Sounds like you don't read to many news papers by the way. You might want to check out what's going in in Hong Kong under Chinese pressure. Good demonstration of what the Chinese state thinks of independent judiciaries.

I'm sorry if I wasn't clear in my comments. Yes of course I am aware of the status quo and very much following all major events. What I was commenting was the general everyday activity involving law and legal system. I don't know how you get confused but I wasn't referring to events like the Hong Kong situation, which is clearly not a local level case.

I merely want to contribute to a meaningful discussion by personal experience so I wouldn't expand to those topics (in my opinion quite sensationalised by social media). I live in Europe now and absolutely understand what the general public are interested in.

A great achievement overshadowed by it's execution. Achievements in a authoritarianism system are not that interesting.
Could you elaborate on why it is such a great achievement? Seems like a pretty natural consequence of their growing economy.
It's not a natural consequence of economic growth. The United States has hundreds of thousands of people living in extreme poverty, if not more, despite being one of the most developed countries in the world. Why didn't all the growth end it here?
These are semantic games. This isn’t talking about no one in poverty. This is the equivalent of the United States saying there are no states in a state of poverty. Would you care to characterize any states as being in a state of poverty? How is it defined for a state to be in poverty? Given this is a government created list that the government promised to finish by the end of 2020 and that no one but the government is capable of validating it, what are the odds this is at least somewhat a political tool rather than a legitimate accomplishment?
You're looking at a country of a billion people, not only that this increase wasn't hoarded like it in the west it was government directed and shared out among most of the people in the country.
lifting a billion people out of poverty, would be a big achievment in terms of economic planning, logistics and resource planning. those are no small tasks. also while maintaining social integrity. yeah, the ccp takes away a lot of freedoms, but how would you do maintain a cohesive society ?
Why is would a cohesive society require removing freedoms? In fact that west has shown this needn't be the case.
has the west shown this is the case ? or it's an illusion of freedom ? here in the US, people vote and elect officials etc. But to those officials pass laws that help the people ? hardly so, but instead pass laws that benefit corporations firstly over human people. As a black person, I can speak up against mass incarceration, but do I have power to end it, NO. That's the illusion of freedom. It's the illusion that all men are equal under law, but we know the law treats you differently based on wealth, skin color etc.
>maintaining social integrity

>takes away a lot of freedoms

pick one?

In order for social integrity to be maintained we need to give up some freedoms.
Well the freedoms being taken away in this instance involve throwing certain religious groups into labor camps, so maybe consider the context of the argument.
> one of the greatest achievements in human history

How much has the one child policy contributed to this?

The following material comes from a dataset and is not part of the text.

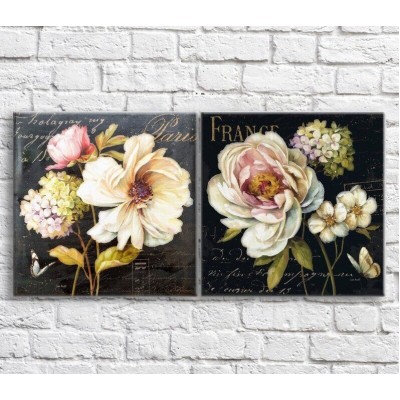 Pictură Magic Color White peonies and butterflies on a Black background with text, diptych (3467677)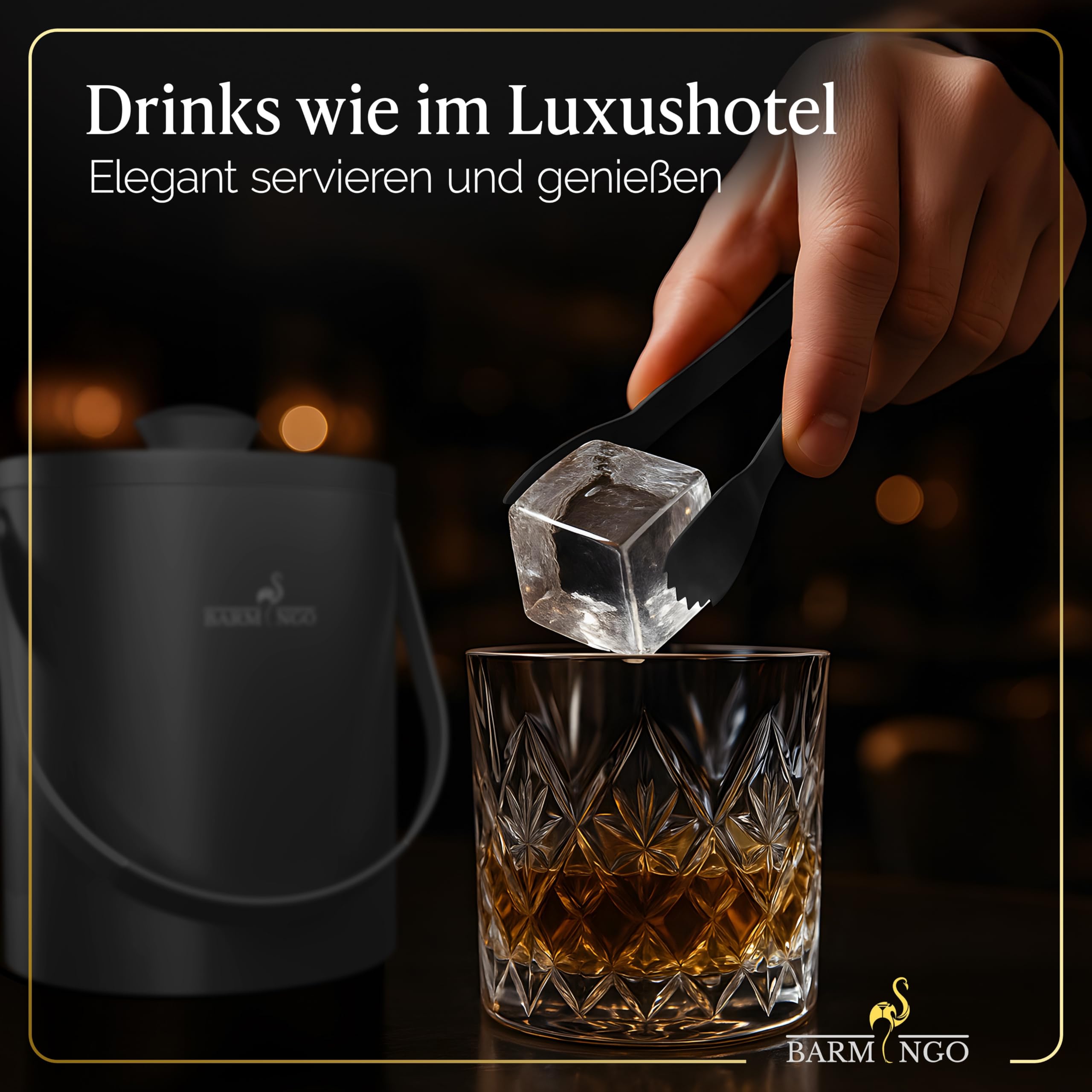 Edelstahl Eiswürfelbehälter mit Deckel - 2l Eiskübel/Eisbehälter für Eiswürfel mit Sieb, Eiswürfelform und Zange | Eiseimer doppelwandig, isoliert, BPA-frei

I've lived in China too, and you've definitely drunk the koolaid.
Rule of Law? Really? I applaud raising the people from poverty, but rule of law? In an authoritarian sense I suppose, not in a human rights sense though.
It should be noted that Civil Code of the People’s Republic of China finally passed this year after a 50 year effort.

https://npcobserver.com/legislation/civil-code/

Comprehensive rule-of-law for the plurality for the majority of cases is largely on the horizon. Rule-by-law will of course co-exist for signifiant state matters, but that's a typical balanced arrangement for any competent state.